Over the years, Ann Jones has confronted some of the most daunting and depressing issues on the planet: the abuse of women, African civil wars, the disaster that is Afghanistan, and -- as reflected in her book They Were Soldiers: How the Wounded Return From America’s Wars-- the plight of American casualties of the fighting there. She’s put on her flak jacket and combat boots to “embed” with U.S. troops at forward operating bases near the Pakistani border. (“I... got a checklist of things to bring along. It was the sort of list moms get when sending their kids off to camp: water bottle, flashlight, towel, soap, toilet paper [for those excursions away from base], sleeping bag, etc. But there was other stuff too: ballistic eyewear, fireproof gloves, big knife, body armor, and Kevlar helmet. Considering how much of my tax dollar goes to the Pentagon, I thought the Army might have a few spare flak jackets to lend to visiting reporters, but no, you have to bring your own.”) She’s been in trauma units in Afghanistan and on U.S. C-17 cargo planes taking the desperately wounded home. (“Here again is Marine Sergeant Wilkins, just as he was on the flight from Afghanistan: unconscious, sedated, intubated, and encased in a vacuum spine board... He remains in cold storage, like some pod-person in a sci-fi film.”) In the heat of summer, she’s ventured off to watch U.S. advisers trying to whip Afghan military recruits into shape. (“Hundreds of little Davids to the overstuffed American Goliaths training them... Like me, many sag under the weight of a standard-issue flak jacket.”)
So, honestly, who could blame her for finally seeking out a little time in Norway, a country that just took first place in the annual World Happiness Report of the U.N.'s Sustainable Development Solutions Network? Not me. She spent several years in Norway, in fact, returning to her own land with a strong sense of what might raise the American happiness quotient. As it happened, she was just in time to watch her country’s slo-mo dive off the edge of a cliff in a fit of plutocratic triumphalism. In response, she offered a little advice about what actually works when it comes to a better life from one of the happiest, most satisfied countries on Earth, a place where welfare isn’t a dirty word and the social safety net isn’t the preferred place for budget cuts. (Check out her “Social Democracy for Dummies.”) Of course, not many were listening to such suggestions at the time, not at least until Bernie Sanders came on the scene as a presidential candidate.
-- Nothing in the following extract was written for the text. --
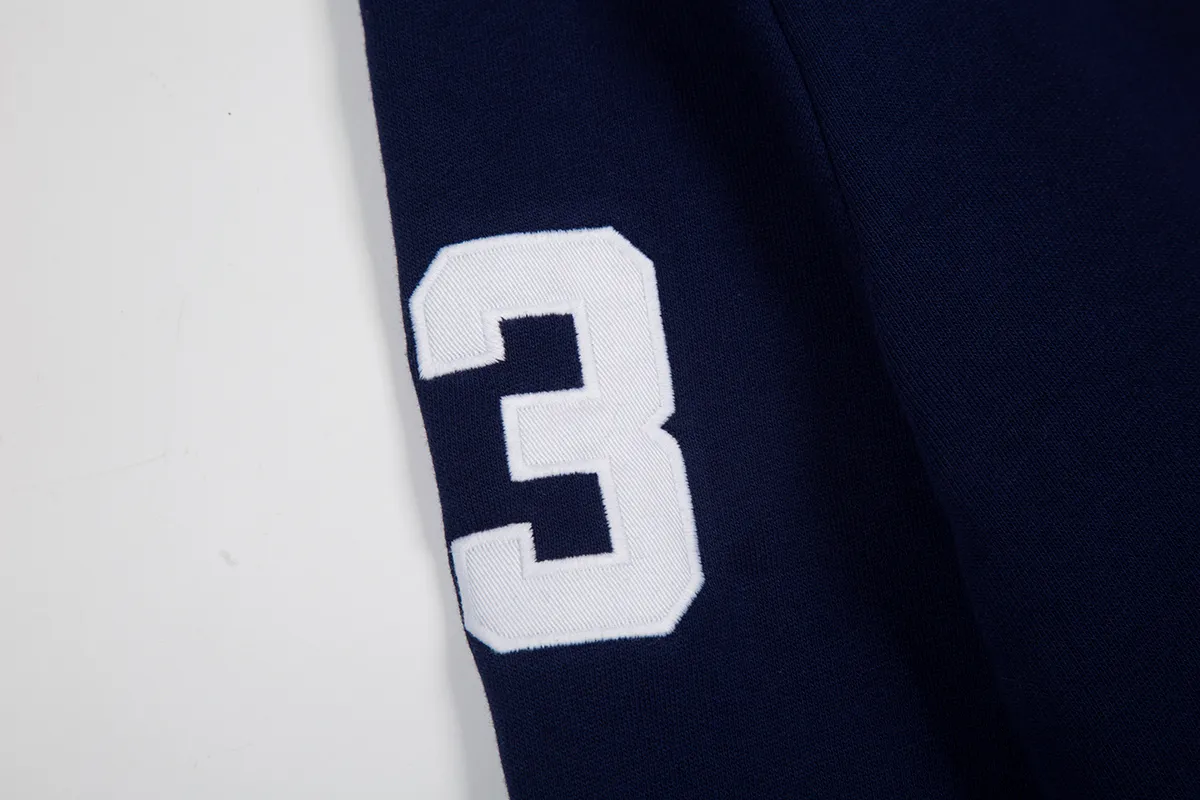 P280 White background picture [Hot new product] Style number: 25119# Color: Navy blue/off-white Size: S to XL - Ralph Lauren/Ralph Lauren 2025FW new autumn and winter Big Pony 20th anniversary badge embroidered open-chest deconstructed hooded fleece sweatshirt - 100% restoration 380g 100% pure cotton heavy-grain cloud velvet ✅ - Deconstruction restoration Correct version Three-layer hidden partial tube placket ✅ - Reactive fixed-dye D65 raw cotton double herringbone belt with wide and narrow divisions ✅ - Rejection of overlays, single-color single version, precision embroidery ✅ - RL/25 autumn and winter new product 20 commemorative badge embroidered mascot sweatshirt, deconstructed half-open chest, different from the regular classic version, high-end and outstanding, built-in contrasting reactive dyed D65 raw cotton double herringbone belt, cloud-like heavy fleece bottom with autumn and winter attributes, really comfortable, cloud-like comfort, loose fit Available in two colors, can be made as a couple model, highly recommended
Having paid another visit to Norway recently, she’s home again, infused with hope in these grim times. In that spirit, she offers her own uplifting antidote to Trumpcare (that is, to the various Republican deathcare bills) and a striking sense of how resistance to The Donald & Co. might proceed on a state-by-state basis. For me at least, her perspective feels like tonic in a desperately down time. Tom
Cont....Scandinavia in Maryland?
Medicare for All in One State
By Ann JonesYou may have noticed that quite a few of the formerly united states of America have been choosing to go their own way. My own state, Massachusetts, now blooms with sanctuary cities sworn to protect residents from federal intrusion. Its attorney general, Maura Healey, was among the first to raise the legal challenge to President Trump’s Muslim bans. She also sued Education Secretary Betsy DeVos and the Department of Education for abandoning rules meant to protect students from exploitation by private for-profit schools. (Think Trump University, for instance.) Even my state’s Republican governor, Charlie Baker, announced well before the presidential election that he wouldn’t vote for Donald Trump.It’s been like the Boston Tea Party all over again, with citizens and public officials refusing to abide by the edicts of their supposedly lawful rulers. And Massachusetts is not alone. Hawaii, Washington State, New York, Minnesota, and Oregon all joined the legal battle against Muslim bans, while many other states have denounced federal policies that threaten the nation’s international reputation, the environment, or what’s left of democracy itself. So far at least 10 states (as well as Puerto Rico) and more than 200 cities have committed themselves to work toward the environmental goals of the Paris Accord, just as the United States as a nation had promised to do before Trump trashed the deal.